Là, également, le remboursement fait grincer des dents. Pour certains, notamment William Hague, c’est une arnaque. « L’explication est que l’Union Européenne a besoin que nous lui fournissions beaucoup de sous parce qu’elle en a besoin. Elle veut nous utiliser pour gérer sa grosse dette », a-t-il fait savoir.
La stratégie de l’UE a merveilleusement porté ses fruits. L’UE a en effet réussi à installer le doute dans le camp May en poussant des personnalités clés du gouvernement britannique à démissionner. C’est notamment le cas de David Davis, ex ministre du Brexit et de Boris Johnson, ex ministre des Affaires étrangères qui, ce 9 juillet, ont tous deux annoncé leur démission du gouvernement. Les deux ont fortement critiqué la politique de Theresa May sur le Brexit.

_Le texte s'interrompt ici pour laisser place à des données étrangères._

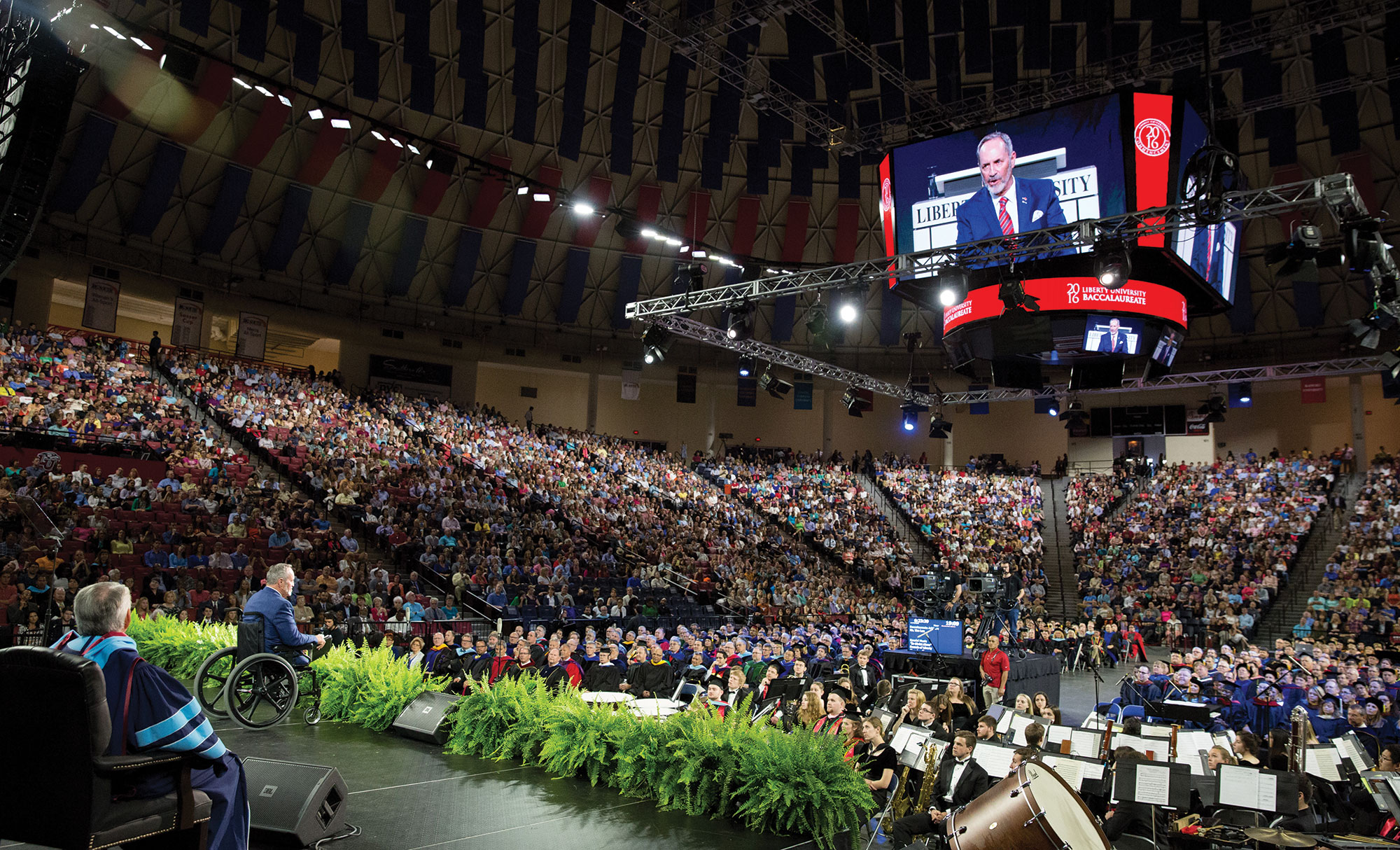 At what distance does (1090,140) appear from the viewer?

La situation s’est aggravée lorsque ce 15 septembre, Dominic Raab, ministre du Brexit qui avait succédé à David Davis, avait à son tout démissionné de son poste, dénonçant les termes de l’accord signé entre le gouvernement britannique et l’Union Européenne. Dans sa lettre de démission, l’on retient ceci : « je ne peux pas apporter un soutien à un accord d’arrangement dans lequel l’UE détient son droit de véto sur la capacité du Royaume-Uni à quitter (l’Union Européenne) ».

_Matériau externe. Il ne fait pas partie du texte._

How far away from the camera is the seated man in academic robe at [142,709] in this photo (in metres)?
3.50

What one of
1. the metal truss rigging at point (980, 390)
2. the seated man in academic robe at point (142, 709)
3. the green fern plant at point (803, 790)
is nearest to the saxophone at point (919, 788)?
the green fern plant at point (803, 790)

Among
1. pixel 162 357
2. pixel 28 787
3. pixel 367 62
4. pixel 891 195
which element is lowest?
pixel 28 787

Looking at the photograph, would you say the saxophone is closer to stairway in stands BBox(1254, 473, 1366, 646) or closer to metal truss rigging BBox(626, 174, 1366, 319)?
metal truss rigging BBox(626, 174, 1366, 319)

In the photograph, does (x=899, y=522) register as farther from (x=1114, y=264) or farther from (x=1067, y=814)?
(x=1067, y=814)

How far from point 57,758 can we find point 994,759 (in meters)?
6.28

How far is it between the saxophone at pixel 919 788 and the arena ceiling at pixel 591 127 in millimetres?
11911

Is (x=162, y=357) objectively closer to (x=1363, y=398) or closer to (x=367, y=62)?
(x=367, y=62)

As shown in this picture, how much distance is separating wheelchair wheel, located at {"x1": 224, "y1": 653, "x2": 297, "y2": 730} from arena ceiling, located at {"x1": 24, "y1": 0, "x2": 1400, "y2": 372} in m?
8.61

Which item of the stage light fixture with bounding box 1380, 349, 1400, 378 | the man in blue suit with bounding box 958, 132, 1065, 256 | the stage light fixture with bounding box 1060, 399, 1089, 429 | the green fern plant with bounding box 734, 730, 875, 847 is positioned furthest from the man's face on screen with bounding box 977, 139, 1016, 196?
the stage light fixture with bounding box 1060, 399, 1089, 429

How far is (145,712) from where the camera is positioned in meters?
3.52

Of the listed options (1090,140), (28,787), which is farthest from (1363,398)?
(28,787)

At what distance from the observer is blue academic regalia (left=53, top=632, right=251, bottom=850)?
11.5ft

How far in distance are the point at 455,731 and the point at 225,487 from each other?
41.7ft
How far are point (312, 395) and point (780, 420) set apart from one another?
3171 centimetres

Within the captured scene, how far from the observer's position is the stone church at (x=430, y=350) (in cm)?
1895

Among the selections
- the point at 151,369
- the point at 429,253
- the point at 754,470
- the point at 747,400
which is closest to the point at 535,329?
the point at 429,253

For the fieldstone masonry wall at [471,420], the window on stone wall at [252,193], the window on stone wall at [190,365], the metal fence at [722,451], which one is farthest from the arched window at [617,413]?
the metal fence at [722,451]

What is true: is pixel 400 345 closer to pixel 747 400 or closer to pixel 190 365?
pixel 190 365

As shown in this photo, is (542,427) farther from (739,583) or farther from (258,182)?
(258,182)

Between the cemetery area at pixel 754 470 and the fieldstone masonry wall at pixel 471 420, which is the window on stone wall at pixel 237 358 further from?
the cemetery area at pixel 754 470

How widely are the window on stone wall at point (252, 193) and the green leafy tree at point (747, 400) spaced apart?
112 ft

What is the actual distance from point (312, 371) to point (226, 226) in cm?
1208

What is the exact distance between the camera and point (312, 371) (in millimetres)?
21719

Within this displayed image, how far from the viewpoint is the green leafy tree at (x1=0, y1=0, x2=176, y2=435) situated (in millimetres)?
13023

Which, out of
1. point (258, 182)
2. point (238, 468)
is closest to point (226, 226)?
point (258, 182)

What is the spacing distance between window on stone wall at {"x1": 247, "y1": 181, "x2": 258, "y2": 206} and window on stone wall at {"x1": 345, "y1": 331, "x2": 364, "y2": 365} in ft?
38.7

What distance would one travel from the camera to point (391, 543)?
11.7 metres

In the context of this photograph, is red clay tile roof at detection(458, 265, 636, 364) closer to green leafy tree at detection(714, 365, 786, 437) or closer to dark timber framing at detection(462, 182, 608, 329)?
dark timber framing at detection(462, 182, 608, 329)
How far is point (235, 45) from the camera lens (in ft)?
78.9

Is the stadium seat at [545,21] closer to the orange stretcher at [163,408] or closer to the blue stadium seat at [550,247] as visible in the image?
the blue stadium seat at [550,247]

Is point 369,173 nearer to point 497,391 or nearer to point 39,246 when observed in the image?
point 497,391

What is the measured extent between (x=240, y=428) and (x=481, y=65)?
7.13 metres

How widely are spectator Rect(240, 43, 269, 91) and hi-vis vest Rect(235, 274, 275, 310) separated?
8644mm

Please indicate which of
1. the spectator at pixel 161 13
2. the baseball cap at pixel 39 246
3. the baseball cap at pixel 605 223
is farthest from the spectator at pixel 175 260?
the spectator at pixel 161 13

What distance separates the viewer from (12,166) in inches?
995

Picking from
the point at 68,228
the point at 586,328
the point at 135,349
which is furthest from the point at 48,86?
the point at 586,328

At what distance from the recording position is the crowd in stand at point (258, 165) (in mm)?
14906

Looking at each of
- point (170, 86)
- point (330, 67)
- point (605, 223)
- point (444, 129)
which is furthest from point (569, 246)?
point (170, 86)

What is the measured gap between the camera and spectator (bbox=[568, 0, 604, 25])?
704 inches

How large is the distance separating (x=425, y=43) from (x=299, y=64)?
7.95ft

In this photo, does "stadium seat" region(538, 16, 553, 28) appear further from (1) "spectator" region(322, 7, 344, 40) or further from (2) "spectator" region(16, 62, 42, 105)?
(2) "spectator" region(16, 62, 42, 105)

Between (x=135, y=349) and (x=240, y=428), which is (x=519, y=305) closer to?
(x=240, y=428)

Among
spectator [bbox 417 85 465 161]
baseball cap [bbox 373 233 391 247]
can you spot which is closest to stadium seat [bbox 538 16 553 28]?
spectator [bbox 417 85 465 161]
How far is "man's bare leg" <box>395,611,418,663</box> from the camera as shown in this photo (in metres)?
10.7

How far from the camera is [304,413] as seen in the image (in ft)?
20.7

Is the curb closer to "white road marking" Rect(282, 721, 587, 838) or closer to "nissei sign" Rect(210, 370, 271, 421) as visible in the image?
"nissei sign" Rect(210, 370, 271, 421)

Depuis le vote du Brexit jusqu’à ce 15 janvier, date du rejet du Brexit par le parlement britannique, l’Union Européenne s’est éperdument moquée de la volonté des Britanniques. Le plus grave dans tout cela est qu’elle n’a pas voulu tenir compte du résultat des urnes qui, en 2016, avait donné gagnant aux partisans du « non ».
L’Union Européenne exige désormais la tenue d’un second vote sur le Brexit après s’être rassurée que son travail de sabotage a porté ses fruits et qu’en cas de second référendum, il n’y a aucune chance que le « non » l’emporte. Est-ce cela la démocratie tant vantée par les dirigeants européens ? Comment expliquer ce manque de respect vis-à-vis du peuple britannique ?

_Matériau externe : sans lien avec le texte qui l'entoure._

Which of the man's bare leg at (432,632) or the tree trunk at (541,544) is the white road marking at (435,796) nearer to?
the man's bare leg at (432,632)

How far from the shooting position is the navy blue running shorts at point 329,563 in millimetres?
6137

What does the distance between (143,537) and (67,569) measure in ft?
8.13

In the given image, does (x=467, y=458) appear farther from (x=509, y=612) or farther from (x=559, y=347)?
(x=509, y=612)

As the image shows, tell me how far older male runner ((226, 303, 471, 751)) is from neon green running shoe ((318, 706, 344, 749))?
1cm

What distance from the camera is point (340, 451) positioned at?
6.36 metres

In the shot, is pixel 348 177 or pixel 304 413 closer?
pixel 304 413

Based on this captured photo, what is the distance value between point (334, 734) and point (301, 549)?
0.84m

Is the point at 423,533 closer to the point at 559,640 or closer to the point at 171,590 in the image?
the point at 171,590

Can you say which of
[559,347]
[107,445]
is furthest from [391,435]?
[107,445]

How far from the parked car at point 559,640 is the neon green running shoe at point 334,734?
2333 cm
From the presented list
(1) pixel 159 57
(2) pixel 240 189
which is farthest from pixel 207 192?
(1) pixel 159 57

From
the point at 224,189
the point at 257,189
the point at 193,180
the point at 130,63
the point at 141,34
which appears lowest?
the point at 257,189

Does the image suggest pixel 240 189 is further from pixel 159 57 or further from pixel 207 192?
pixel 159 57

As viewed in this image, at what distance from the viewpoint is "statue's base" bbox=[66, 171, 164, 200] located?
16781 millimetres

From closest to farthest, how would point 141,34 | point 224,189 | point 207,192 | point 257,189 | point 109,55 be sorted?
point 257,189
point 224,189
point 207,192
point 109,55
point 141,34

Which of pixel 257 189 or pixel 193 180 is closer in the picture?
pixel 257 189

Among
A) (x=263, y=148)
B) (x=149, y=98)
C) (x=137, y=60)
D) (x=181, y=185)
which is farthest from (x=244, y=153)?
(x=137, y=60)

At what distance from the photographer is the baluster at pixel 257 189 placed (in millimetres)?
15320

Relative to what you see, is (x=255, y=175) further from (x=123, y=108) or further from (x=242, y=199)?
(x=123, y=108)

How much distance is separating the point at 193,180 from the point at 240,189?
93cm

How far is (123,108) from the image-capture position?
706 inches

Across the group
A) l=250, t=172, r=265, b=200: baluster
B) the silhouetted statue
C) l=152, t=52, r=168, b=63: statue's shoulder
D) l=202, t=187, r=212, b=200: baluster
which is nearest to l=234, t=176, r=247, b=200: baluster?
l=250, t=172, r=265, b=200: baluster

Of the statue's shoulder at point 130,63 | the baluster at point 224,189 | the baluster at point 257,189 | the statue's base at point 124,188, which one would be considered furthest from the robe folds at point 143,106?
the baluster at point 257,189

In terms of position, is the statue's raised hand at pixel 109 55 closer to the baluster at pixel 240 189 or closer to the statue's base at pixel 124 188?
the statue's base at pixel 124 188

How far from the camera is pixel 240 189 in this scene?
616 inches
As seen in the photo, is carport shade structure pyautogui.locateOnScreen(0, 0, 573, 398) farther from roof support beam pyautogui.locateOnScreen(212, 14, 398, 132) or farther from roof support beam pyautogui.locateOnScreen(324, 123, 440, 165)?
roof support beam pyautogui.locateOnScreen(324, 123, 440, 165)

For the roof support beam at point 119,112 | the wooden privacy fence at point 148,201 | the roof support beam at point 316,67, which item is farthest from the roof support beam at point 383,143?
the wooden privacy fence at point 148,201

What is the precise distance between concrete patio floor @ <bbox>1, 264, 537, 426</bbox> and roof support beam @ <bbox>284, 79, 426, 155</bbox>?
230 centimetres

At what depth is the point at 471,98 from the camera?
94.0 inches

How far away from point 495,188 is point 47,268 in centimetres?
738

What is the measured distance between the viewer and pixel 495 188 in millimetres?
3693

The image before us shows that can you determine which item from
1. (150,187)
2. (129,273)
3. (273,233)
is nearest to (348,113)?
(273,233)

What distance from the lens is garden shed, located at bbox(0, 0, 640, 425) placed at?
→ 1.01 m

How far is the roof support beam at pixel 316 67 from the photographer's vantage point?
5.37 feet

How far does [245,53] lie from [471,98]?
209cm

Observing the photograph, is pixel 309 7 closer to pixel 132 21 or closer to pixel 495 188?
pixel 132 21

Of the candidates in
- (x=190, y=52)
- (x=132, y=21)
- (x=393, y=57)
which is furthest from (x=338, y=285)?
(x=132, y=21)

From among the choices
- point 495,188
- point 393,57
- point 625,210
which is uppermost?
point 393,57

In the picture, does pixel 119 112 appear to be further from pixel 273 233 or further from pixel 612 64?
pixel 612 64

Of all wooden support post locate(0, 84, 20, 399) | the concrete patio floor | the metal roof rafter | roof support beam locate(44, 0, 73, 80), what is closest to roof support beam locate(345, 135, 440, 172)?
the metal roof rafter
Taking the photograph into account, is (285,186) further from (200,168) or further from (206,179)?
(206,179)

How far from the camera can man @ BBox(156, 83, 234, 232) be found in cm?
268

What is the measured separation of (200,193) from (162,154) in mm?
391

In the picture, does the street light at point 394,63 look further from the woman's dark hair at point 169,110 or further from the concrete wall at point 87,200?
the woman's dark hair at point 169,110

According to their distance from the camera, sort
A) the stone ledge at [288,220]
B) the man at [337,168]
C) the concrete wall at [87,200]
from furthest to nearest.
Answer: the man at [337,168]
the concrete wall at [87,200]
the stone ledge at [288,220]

Quand le vote ne vous arrange pas, vous bafouez les droits des peuples. Par contre, quand cela vous arrange (et gêne le peuple), vous applaudissez. Je rappelle qu’en France, beaucoup regrettent aujourd’hui avoir voté oui à Maastricht. Et pourtant, l’Union Européenne n’a jamais fait pression pour qu’il y ait un second vote.
Ce qui s’est produit hier en Grande-Bretagne est certes un coup dur pour un gouvernement démocratiquement élu. Toutefois, ce n’est pas une défaite pour May et ses ministres. La vraie défaite est du côté de l’Europe, cette Europe des riches qui piétine le droit des peuples et qui n’en fait qu’à sa tête.
En Europe, la démocratie vit ses dernières heures.